Le Révizor de Nicolas Gogol, adaptation et mise en scène de Paula Giusti

On connaît l’histoire, suggérée par Alexandre Pouchkine à Nicolas Gogol.  Dans une bourgade de province, on apprend la visite d’un inspecteur du gouvernement… grâce à un moyen direct mais peu recommandable, (le fonctionnaire des postes ouvre le courrier!)
Branle-bas de combat, les notables se préparent quand on apprend qu’un jeune homme au comportement étrange est installé à l’auberge depuis quelques jours : il ne paie pas et  ne sort jamais… Serait-ce lui, l’inspecteur incognito ? Quiproquo : l’un tremble à l’idée de la prison pour dettes et grivèlerie, les autres, à l’idée que leurs petites magouilles vont être dénoncées et  punies, avec, au bout: la déportation en  Sibérie!
Bref, la bande des notables va arroser le freluquet: argent, honneurs, promesses, au point qu’il se fiance avec la fille du bourgmestre, avant de filer à l’anglaise et que n’arrive, peut-être, le véritable inspecteur…
Une vieille histoire rebattue mais non, on est en pleine actualité!
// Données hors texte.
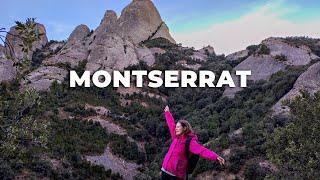 Hiking in Montserrat Vlog - Sant Jeroni Summit | Barcelona Diaries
Il y a  dans Libération du 19 janvier, le récit des escroqueries de Nicolas Gomez Iglesias, vingt ans, infiltré dans les plus hautes sphères politiques et royales d’Espagne. Passons : l’avidité des puissants, comme la jouissance de la triche est encore très  forte  et  Khlestakov, loin d’être un personnage dépassé.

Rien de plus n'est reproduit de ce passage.